Before turning to the facts of these two cases it is necessary to place them in their legal context. To this end I shall briefly review the pre-Convention law of England and Wales, the Strasbourg jurisprudence as it has so far developed and some of the leading cases decided in the United Kingdom since the Convention was incorporated into our domestic law by the Human Rights Act 1998.
The pre-Convention law of England and Wales
The governing principle of English criminal law, memorably affirmed by Viscount Sankey LC in Woolmington v Director of Public Prosecutions [1935] AC 462, 481, is that the onus lies upon the prosecution in a criminal trial to prove all the elements of the offence with which the accused is charged. This principle has been regarded as supremely important, but not as absolute. Viscount Sankey acknowledged (p 475) the authority of M'Naghten's Case (1843) 10 Cl & Fin 200 which had "definitely and exceptionally" placed an onus on the accused to establish a defence of insanity. He further acknowledged (p 481) that his statement of principle was "subject also to any statutory exception".

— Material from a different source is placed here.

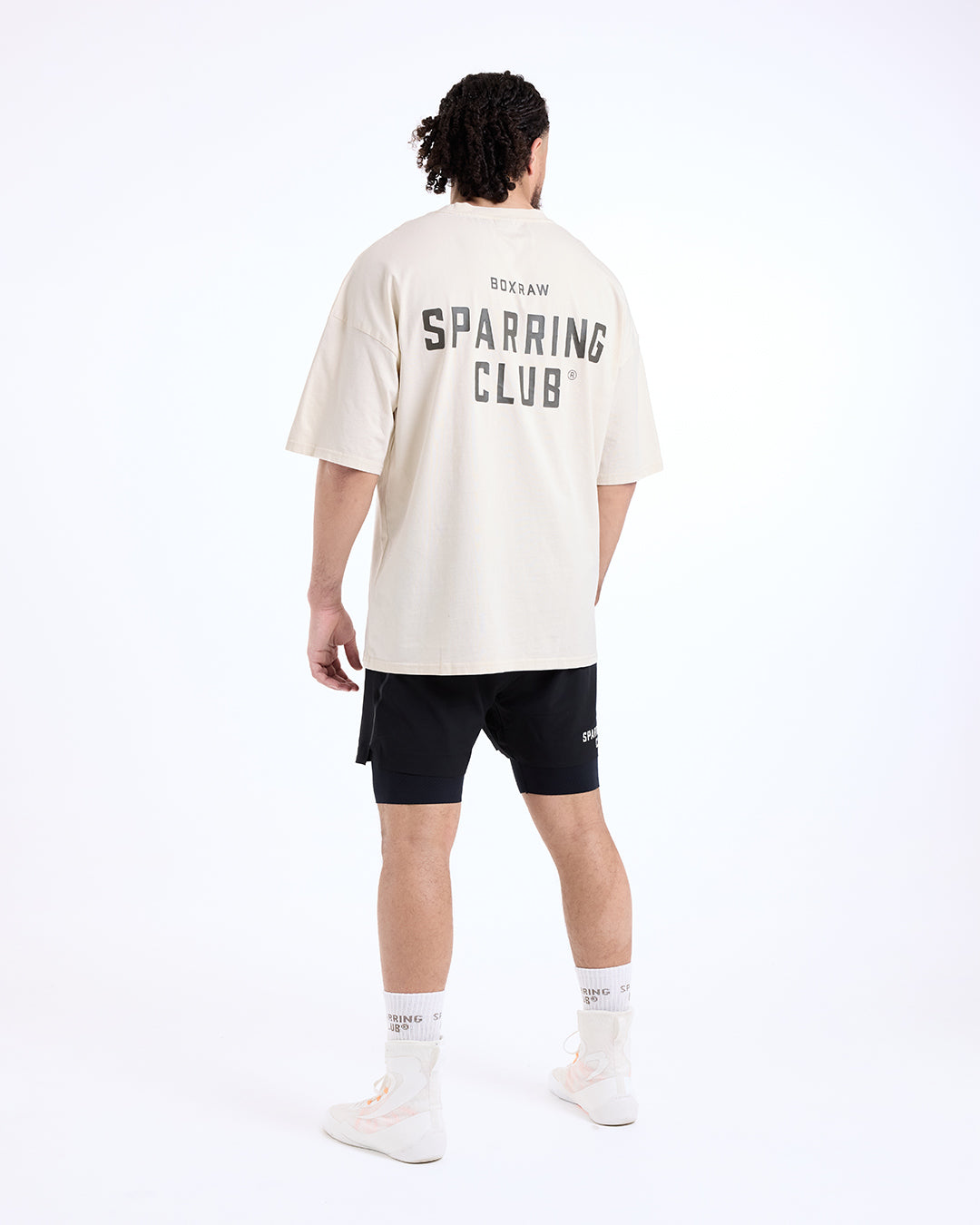 Sparring Club Oversized T-Shirt - Washed Beige | BOXRAW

One form of statutory exception arose where a defendant sought to rely, in answer to a criminal charge on indictment, on any statutory exception, exemption, proviso, excuse or qualification. It was clearly established that the burden of proving such ground of exoneration, on a balance of probabilities, lay on him: R v Edwards [1975] QB 27; R v Hunt (Richard) [1987] AC 352. When courts of summary jurisdiction in recognisably modern form were established in 1848, this rule of practice was extended to them and remains the law: see section 14 of the Summary Jurisdiction Act 1848; section 39(2) of the Summary Jurisdiction Act 1879; section 81 of the Magistrates' Courts Act 1952; and (now) section 101 of the Magistrates' Courts Act 1980. Thus, on a charge of selling intoxicating liquor without a justices' licence, it is not for the prosecutor to prove that the defendant had no licence but for the defendant to prove that he had: R v Edwards; R v Hunt (Richard).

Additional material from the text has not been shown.